* DATASET CONTENT *
*-*-*

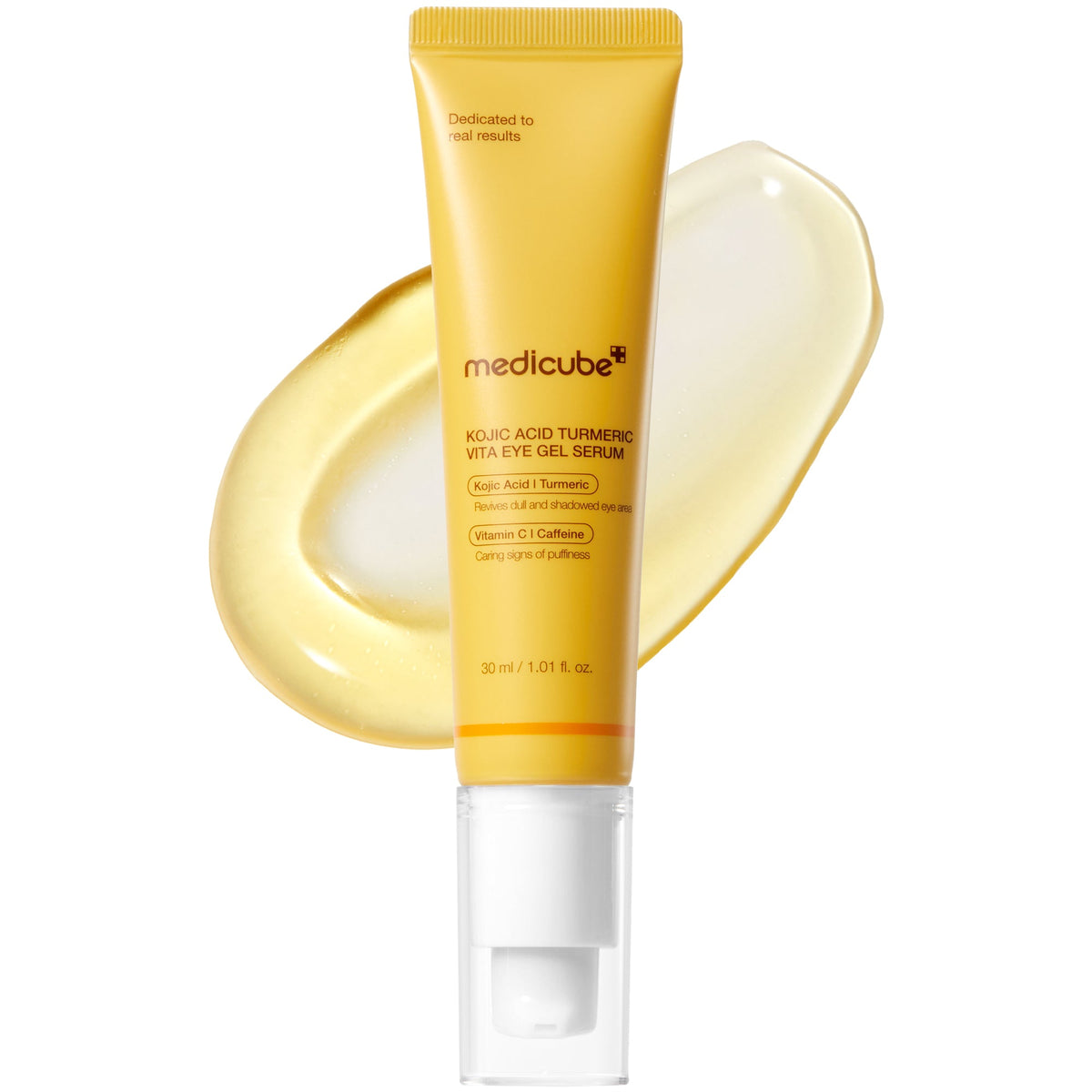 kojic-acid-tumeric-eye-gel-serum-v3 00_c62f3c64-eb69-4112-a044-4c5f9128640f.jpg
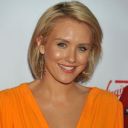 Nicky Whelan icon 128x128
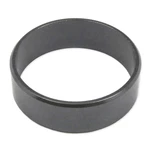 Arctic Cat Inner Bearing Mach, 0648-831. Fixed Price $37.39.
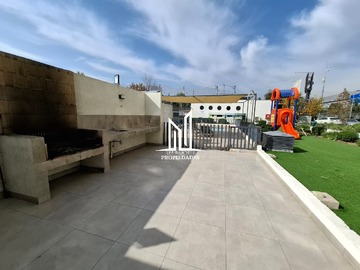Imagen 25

*-*-*

From the first line to the last, please copy the data exactly, with the pictures left out.

* RESPONSE FOR THIS EXERCISE *
 kojic-acid-tumeric-eye-gel-serum-v3 00_c62f3c64-eb69-4112-a044-4c5f9128640f.jpg
 Nicky Whelan icon 128x128
 Arctic Cat Inner Bearing Mach, 0648-831. Fixed Price $37.39.
Imagen 25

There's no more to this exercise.